Thursday, October 22, 2009

Marubatsu's Pond

This is one of the ponds that inspired my fictional pond at Marubatsu's temple Gizenji.

from American Fuji, p. 351: "The water was opaque pea-green and looked like paint. The surface, perfectly still. A herd of tiny granite islands jutted up through the pea soup, some rusty with moss, others bare."

It's interesting that Japanese readers find the character of Marubatsu a familiar type of person they readily recognize, yet my American readers think he's the most unrealistic of my characters. The only thing about him that's inauthentic is his name. I named this Buddhist priest after a kind of test: true (maru) false (batsu).

3 comments:

Anonymous said...

Beautiful! And is that a sculpture or lantern or just a random (ha!) pile of rocks in the foreground?

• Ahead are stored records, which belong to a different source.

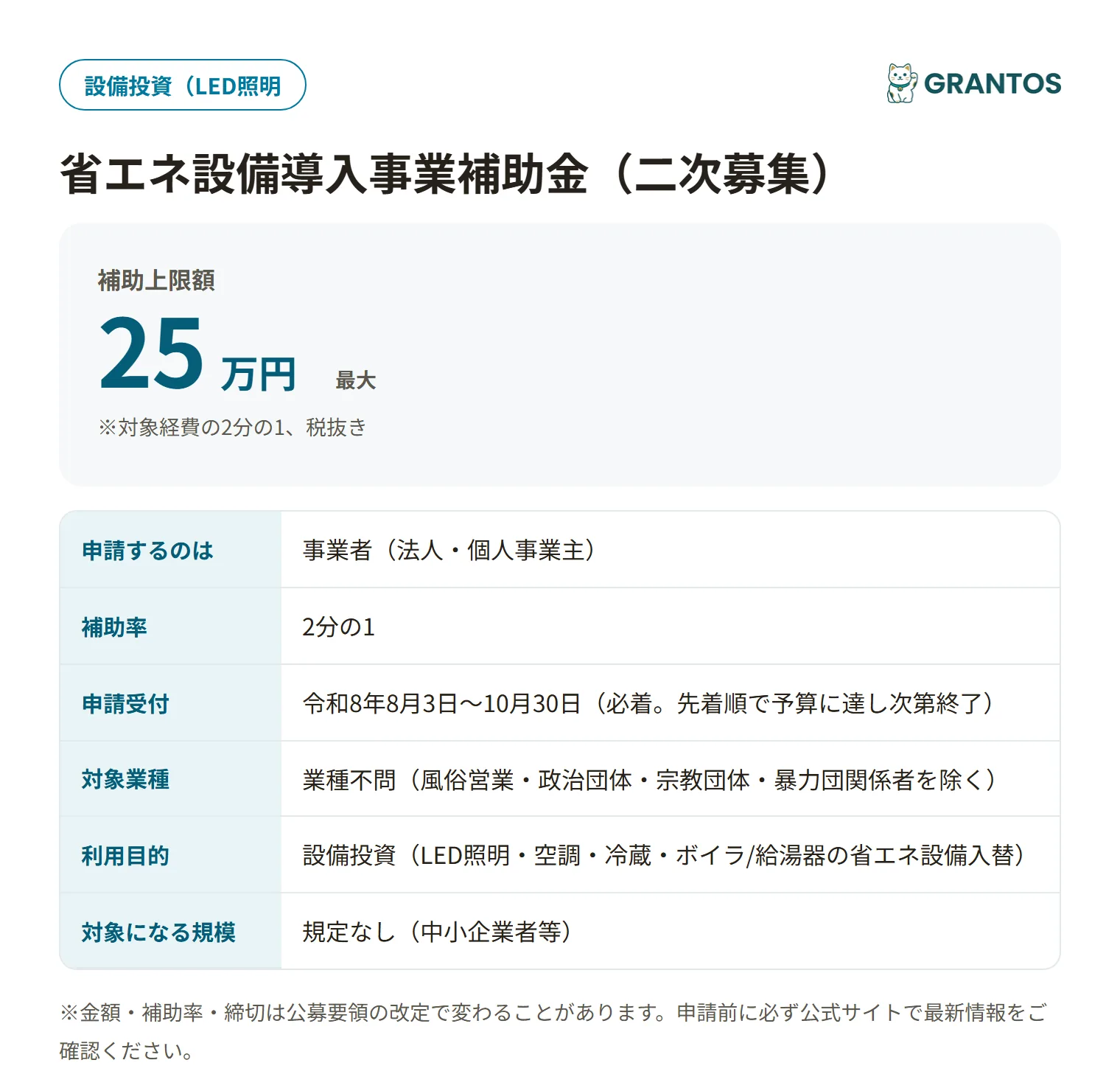 上越市省エネ設備導入事業補助金の対象・金額・締切の概要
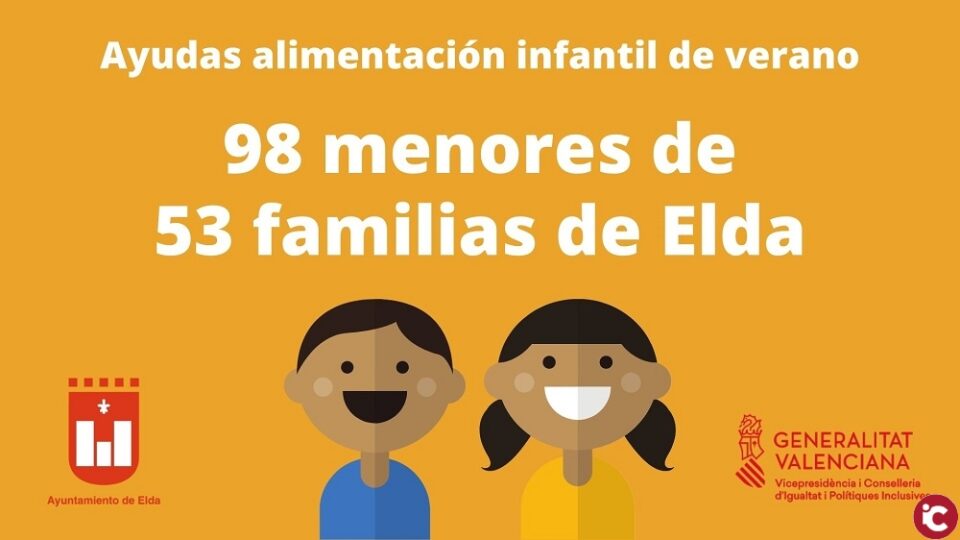 Elda ha garantizado la alimentación infantil de verano a cerca de un centenar de menores de 53 familias sin recursos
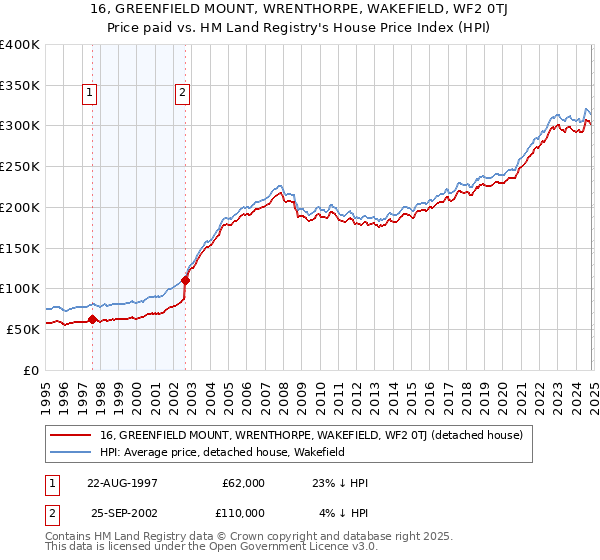 16, GREENFIELD MOUNT, WRENTHORPE, WAKEFIELD, WF2 0TJ: Price paid vs HM Land Registry's House Price Index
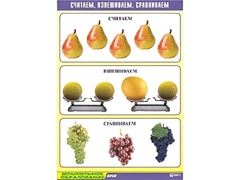 Таблица демонстрационная "Считаем, взвешиваем, сравниваем" (винил 70x100) - fgospostavki.ru - Новоалтайск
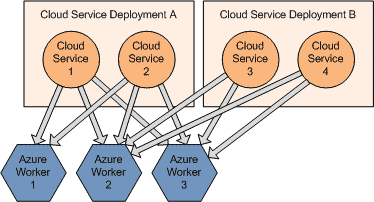 Cloud Services Deployments 3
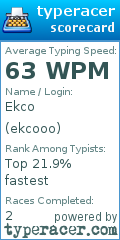 Scorecard for user ekcooo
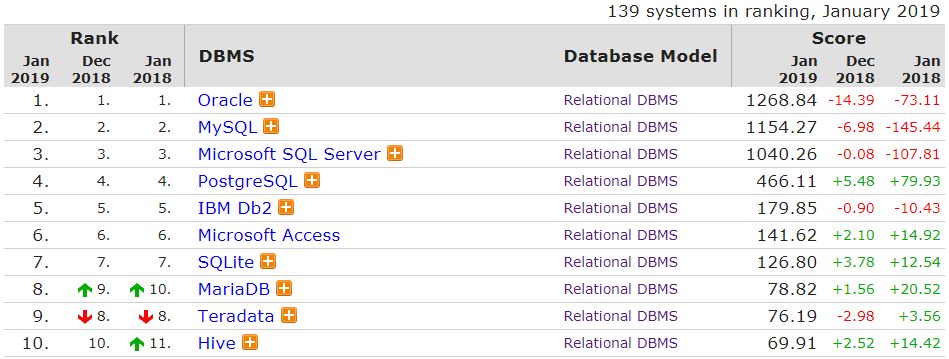 实至名归，PostgreSQL 蝉联“年度数据库”称号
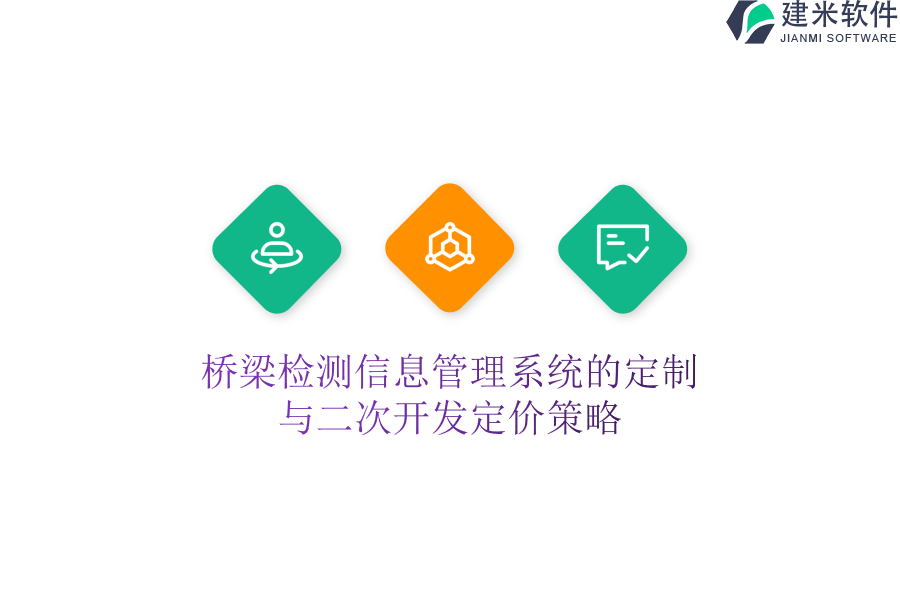 桥梁检测信息管理系统的定制与二次开发定价策略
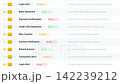 Animated banking email inbox interface with scrolling financial alert 142239212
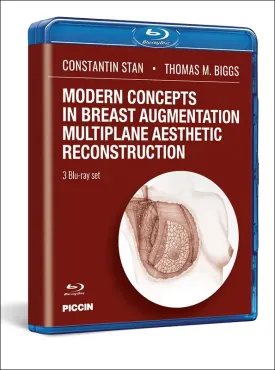Modern concepts in breast augmentation multiplane aesthetic reconstruction
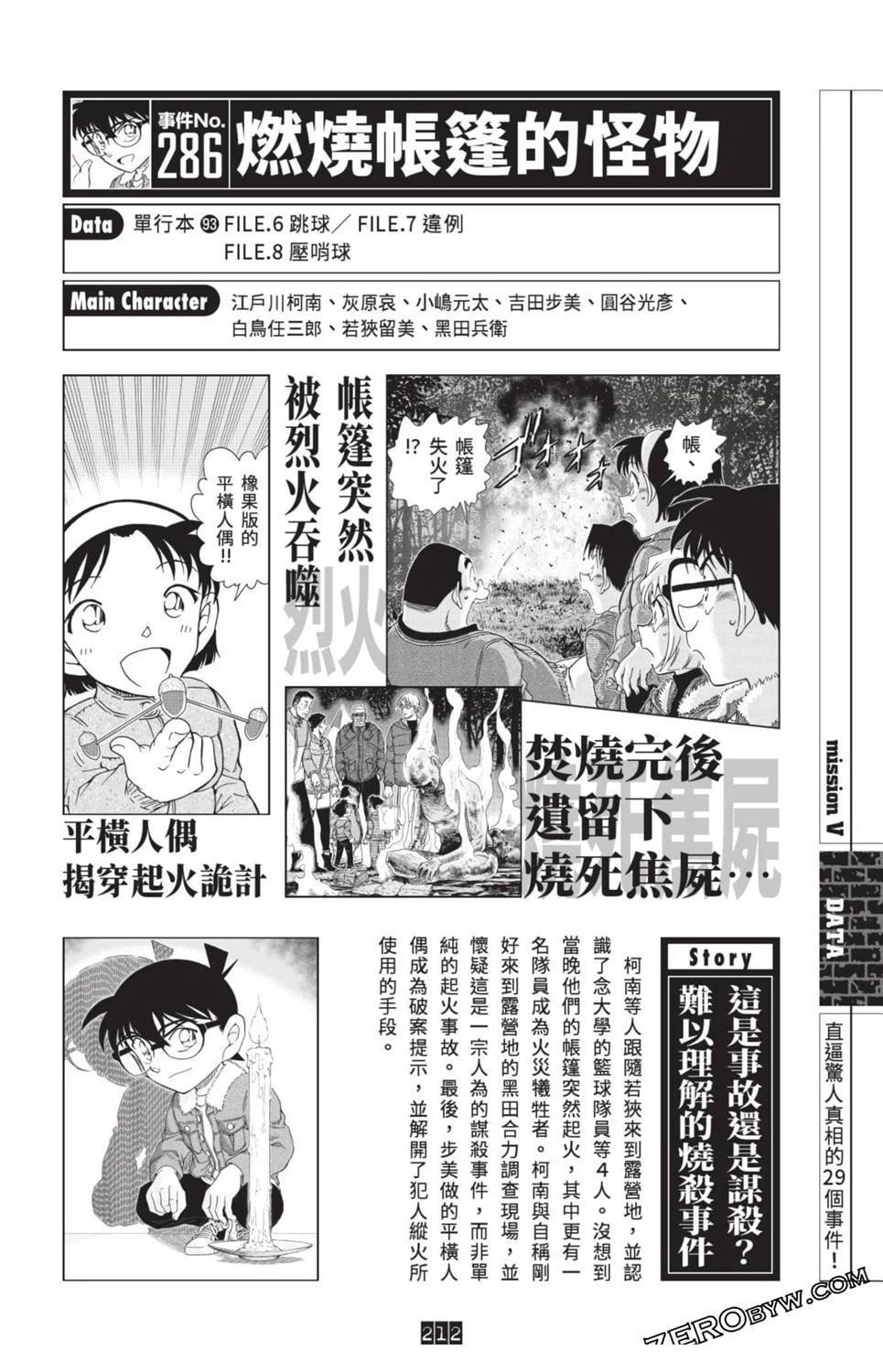 100+PLUS超百科全书205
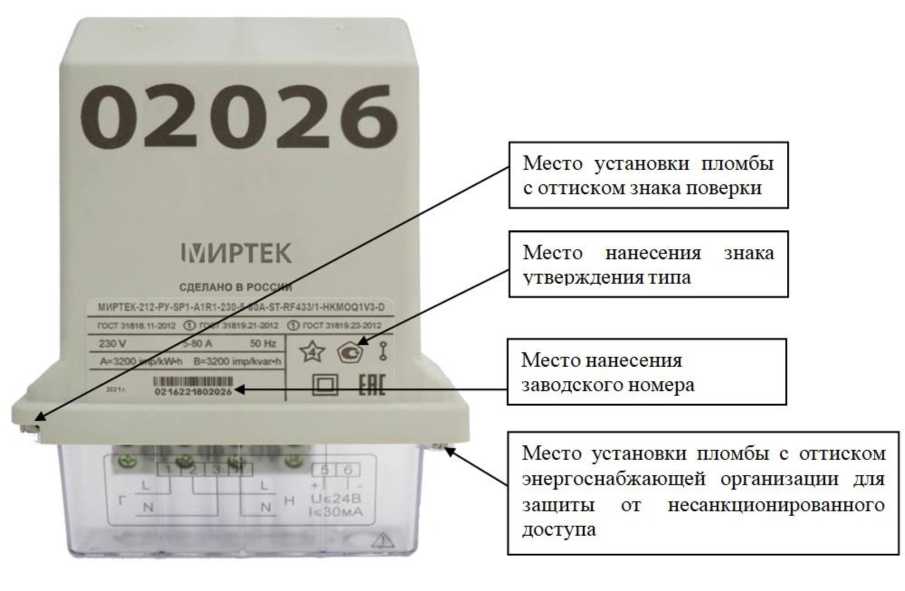 Приказ Росстандарта №1812 от 06.08.2024, https://oei-analitika.ru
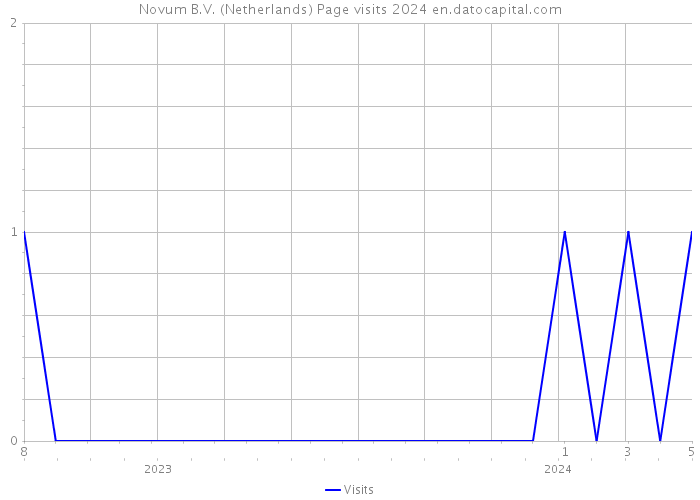 Novum B.V. (Netherlands) Page visits 2024 
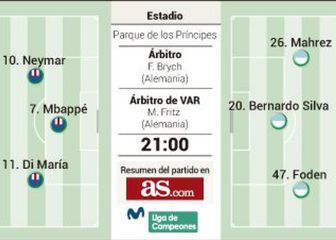 Así pueden salir Guardiola y Pochettino: partidazo en París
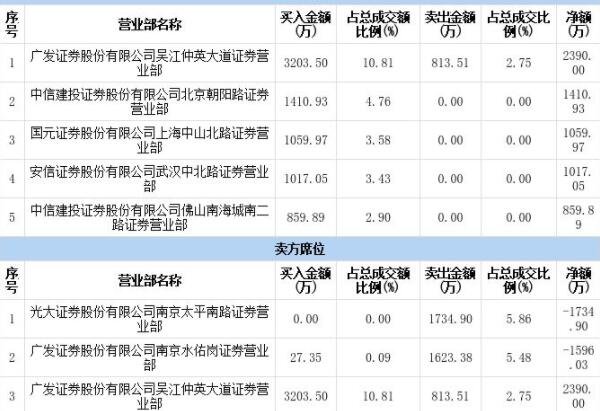 股票交易席位数据指标，股票交易席位有哪些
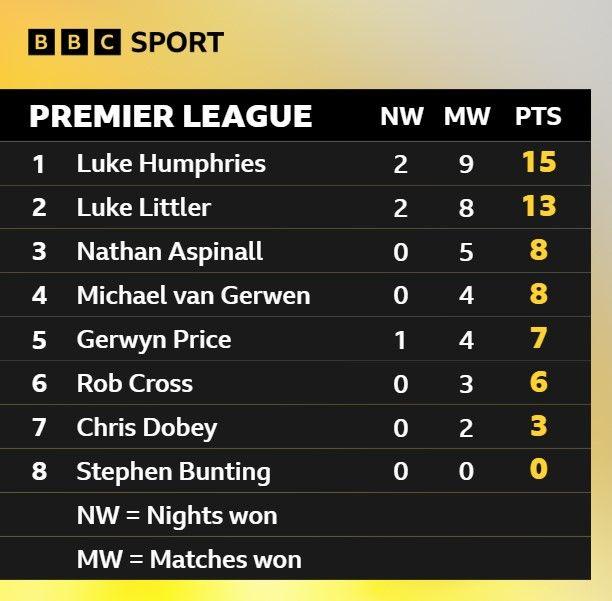 Premier League table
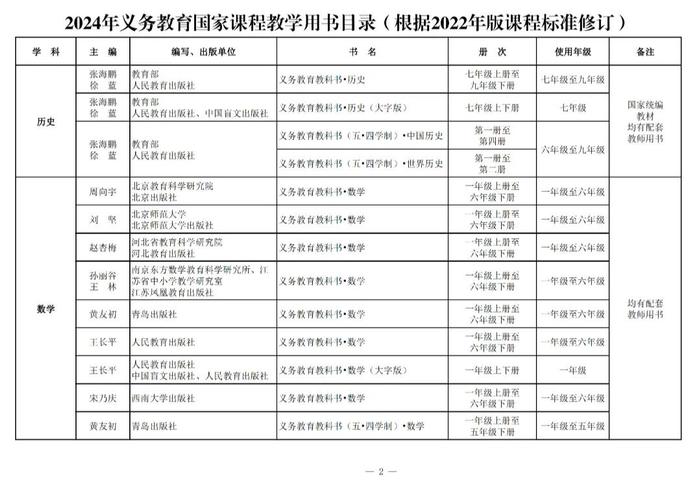 来了！2024年秋季学期投用！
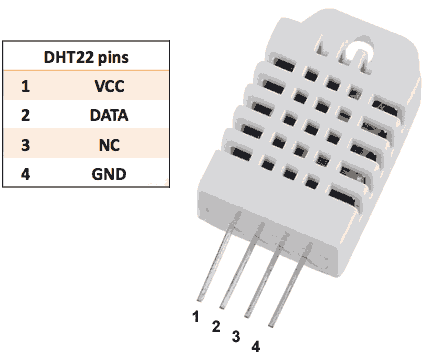 Sonda DHT22 temperatura e umidità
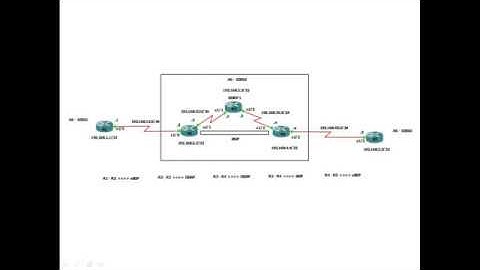 BGP Synchronization (1.13) - Deepak Kumar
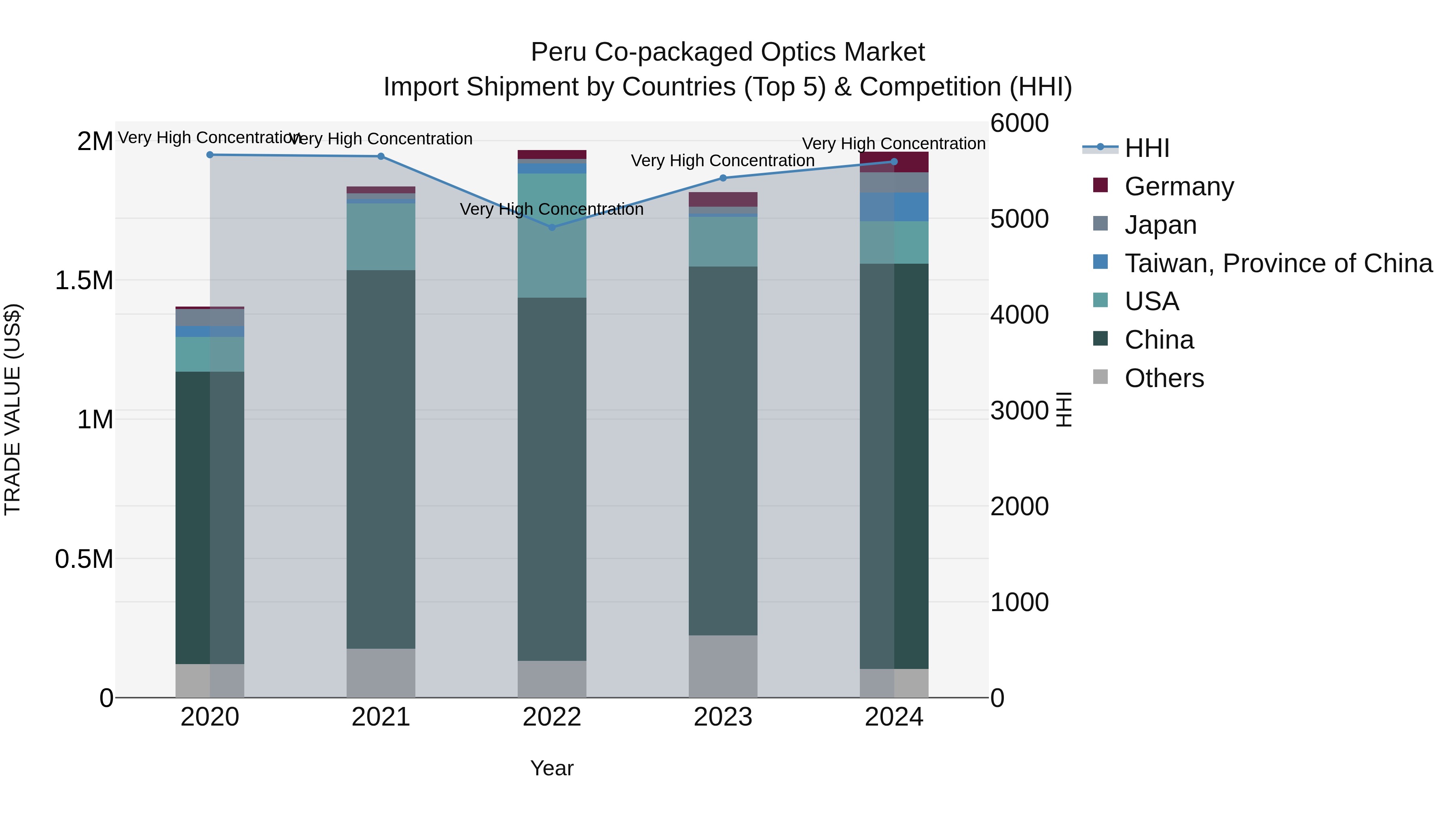 Peru Co Packaged Optics Market Top 5 Importing Countries and Market Competition (HHI) Analysis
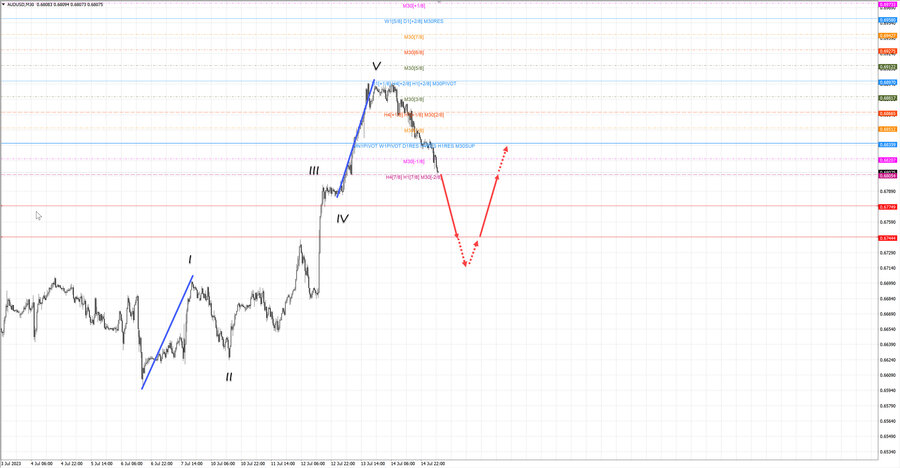 audusd m30 07-04 17.07.23.jpg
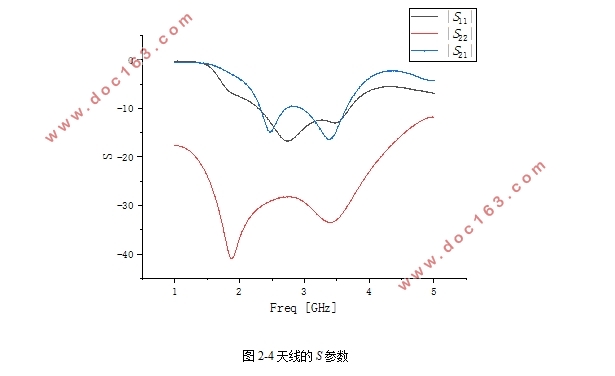 双频双极化天线设计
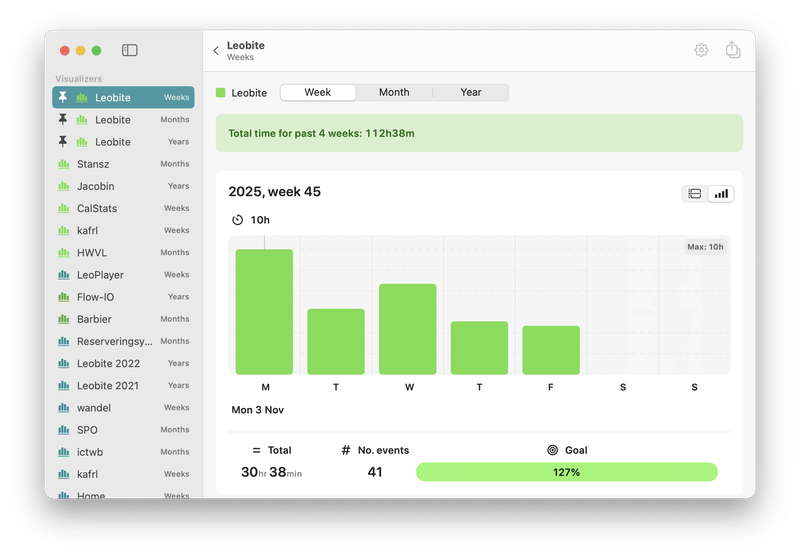 Afbeeldingslocatie: https://tweakers.net/i/Gv4DV-UvrP1FJOGIbNRV4E-FtqI=/800x/filters:strip_exif()/f/image/3n9cIvQlhO7FxMSl8nmytkHk.png?f=fotoalbum_large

I think it's a tribute to your writing skill that you were able to create a character so un-American, if you will, and so Japanese. Thanks for the insider info about what the name means.

wac

Diana said...

Lovely. Reading your blog is like reading the book with footnotes and illustrations.

Sara Backer said...

Thank you so much, Diana: that's exactly what I hoped my blog could be!

WAC, the correct answer is B, lantern. (Not a marubatsu test.) I'm sure Marubatsus exist everywhere, but the culture of Japan allows them to express themselves in ways self-righteous men in other countries don't. Actually, I prefer the more overt manifestation in Japan.